• What you are asked to do: Your copy should run exactly from the line containing "Humor Picante Chili" to the last line of the entries below, and it should include no pictures.

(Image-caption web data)

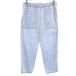 Banana Republic Banana Republic linen Blend укороченные брюки S женский б/у одежда б/у 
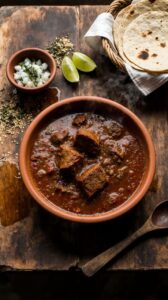 delicious traditional mexican stew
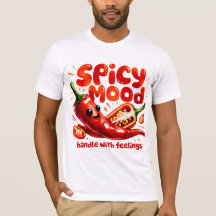 Humor Picante Chili Comida Apimentada Arte Kawaii
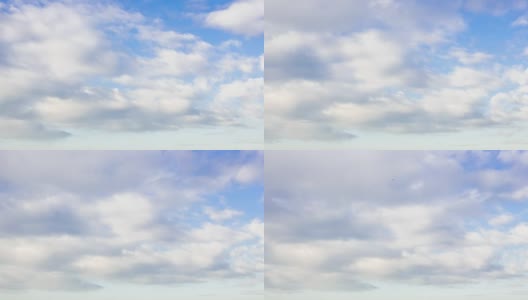 Sky cloudy movement time lapse高清在线视频素材下载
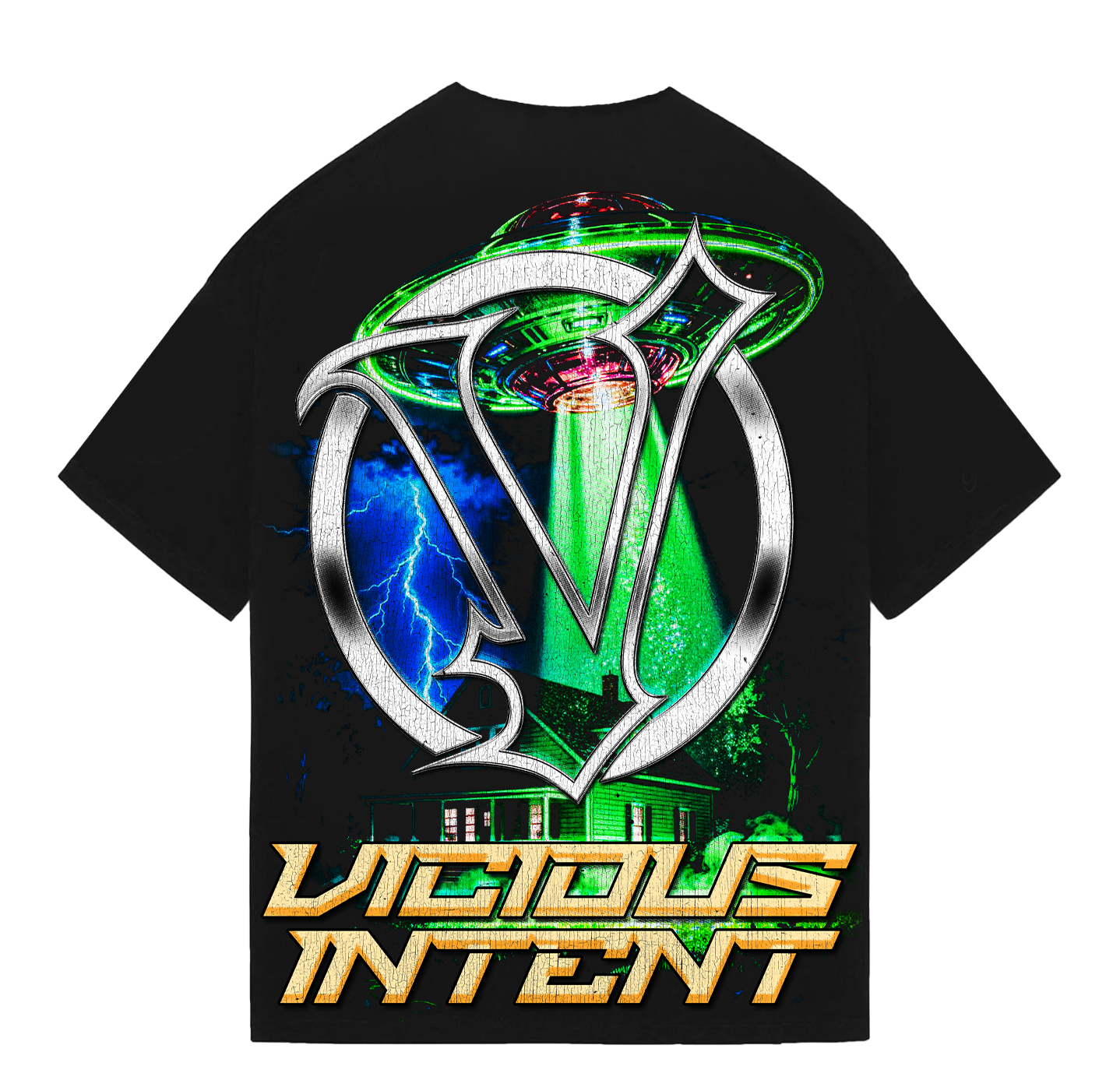 ALIEN CONTROL TEE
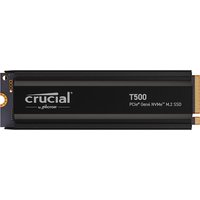 Crucial T500 NVMe SSD 2 TB M.2 2280 PCIe Gen4 x4 mit Kühlkörper von Crucial
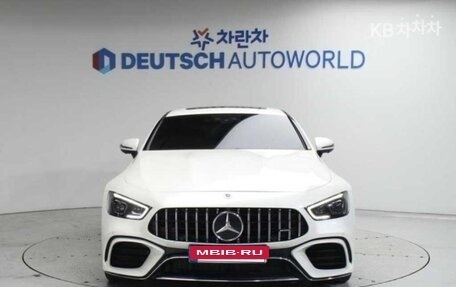 Mercedes-Benz AMG GT I рестайлинг, 2021 год, 14 400 000 рублей, 3 фотография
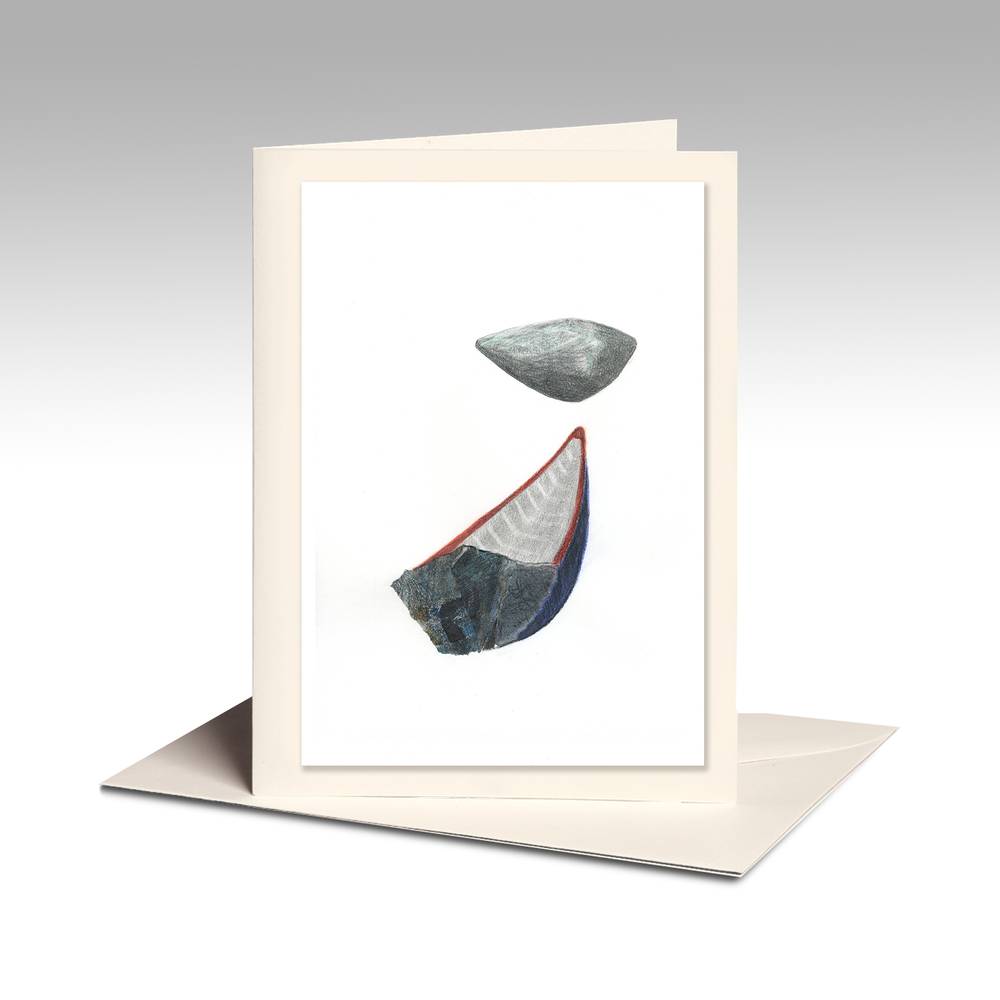 Archival Note Card, Visitor | Currach & Stone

• Written solution:
 Humor Picante Chili Comida Apimentada Arte Kawaii
 Sky cloudy movement time lapse高清在线视频素材下载
 ALIEN CONTROL TEE
 Crucial T500 NVMe SSD 2 TB M.2 2280 PCIe Gen4 x4 mit Kühlkörper von Crucial
 Mercedes-Benz AMG GT I рестайлинг, 2021 год, 14 400 000 рублей, 3 фотография
 Archival Note Card, Visitor | Currach & Stone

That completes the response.